| :: Claudio Di Scalzo: Anni Settanta il tardo Surrealismo in foto mi dié mano nell’estetica dei tanti da non saper quanti. Ricordando Breton a Sara Cardellino. |
MI DIÉ MANO NELL’ESTETICA DEI TANTI DA NON SAPER QUANTI. RICORDANDO BRETON A SARA CARDELLINO
(LUGLIO 2026) - 'Ome ò raccontato altrove, a me-mi garba chiacchierà da guanciale a guanciale, e dall’altra parte ci vòle la donna amata.
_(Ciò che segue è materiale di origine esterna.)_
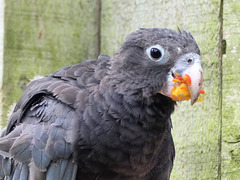 Newquay Zoo (17) - 24 September 2020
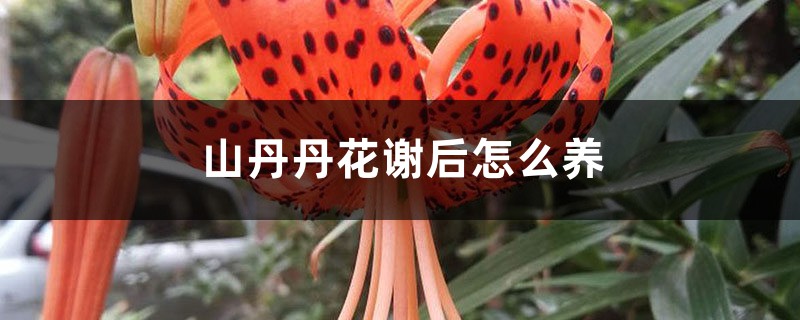 山丹丹花谢后怎么养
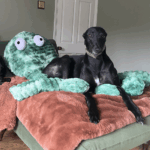 Gor_Pets_.Octopus_Green_Bobble1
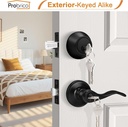 probrico-front-door-handle-and-single-cy-3.jpg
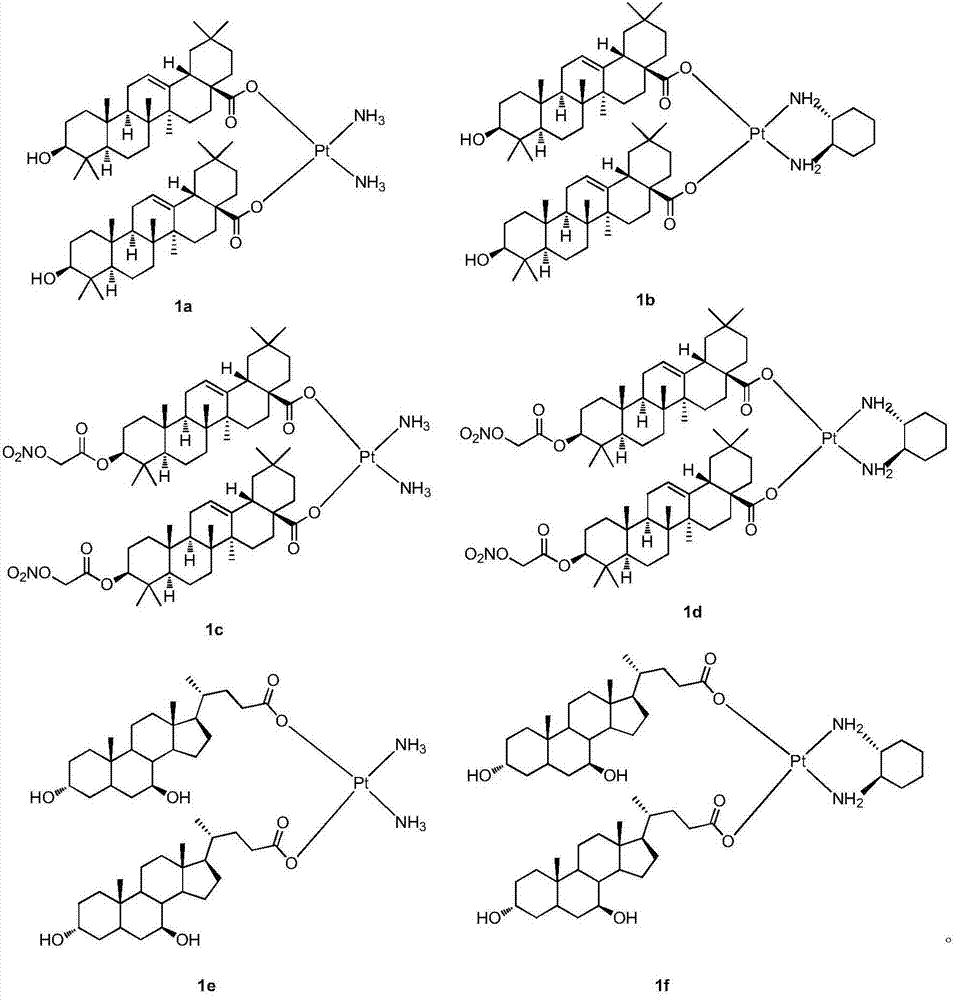 A class of platinum (ii) complexes and their preparation and use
Ò avuto fortuna nella mi’ vita di vive in coppia con donne “chiacchierine”, conversatrici, umoristìe, molto intelligenti. Più di me. Che ò fantasia ma intelligenza poina. Anco perché per l’estetìa moina esser troppo intelligenti seondo-me danneggia. Si rompe della pratìa segnìa la puleggia. Non so se mi spiego Sara, e se non m'intendi, è per il sonno che mi prenne: lo vedi?, poso ir ‘apo canuto sur tu’ seno: lo sbaciucchio ad oci iusi. Prima devo concludere? Concludo crudo. La LIBERTÀ SURREALISTA, che misi per me in pista, era, è, nella su' polpa, il permettere-permettermi ancora, di annà in quarsiasi direzione e di inventà valori-alfabeti-colori-scatti/vari. Valori, in creazione estetica, che hanno significato SOLO PER ME e RELATIVAMENTE A ME. Ieri con altre: oggi con té (Sara). Quindi che nel seondo Novecento, metti a partir dagli anni Settanta, e vieppiù oggi col Webbe, TANTI son addetti ai segni estetici, poesia-letteratura-pittura-arti-fotografia, per il sottoscritto non è mai stato un problema. Primo perché da comunista se tutti scrivono od estetizzano, anco sui mezzi di produzione del capitalismo, è una prassi che prima non c’era: e poi il possibile comunismo sarà che tutti potranno scrivere dipingere fotografare oltre ogni alienazione feticistica-merce. Non ci sarà bisogno di stabilì se quarcosa vale o meno. Merci soltanto nel valor d'uso liberante. Abolito il valore di scambio. Cassata definitivamente ogni gerarchia classe culturale intellettualità. Che la "cosa" sia letteratura arte poesia fotografia non avrà alcuna importanza. Esattamente come nel Medioevo una botte ben costruita valeva un dipinto di Botticelli. Ri-sottolineo che i valori da me creati in spirito-spiritato malnato hanno SIGNIFICATO solo per me. Con te. Del resto me ne INFISCHIO ALTAMENTE. Un artista deve avere uno strumentario, conservare i pochi attrezzi utili, BRETON servì molto a me ventenne e ancora vale: con altri, meno utili, figurati i pensatori italiani poeti che di filosofia non hanno mai saputo un tubo, non mi son incenerito le penne come coi franciosi. E ora bonanotte, Sara. Anche al Tardo surrealismo-mio: se poi non hai sonno per il nervoso che ti dà scoprire un lontano surrealismo di coppia: svegliamo tra qualche ora: per scoprì se oltre alla parola assonnata c’è l’AMOR FOU meglio ancor di più.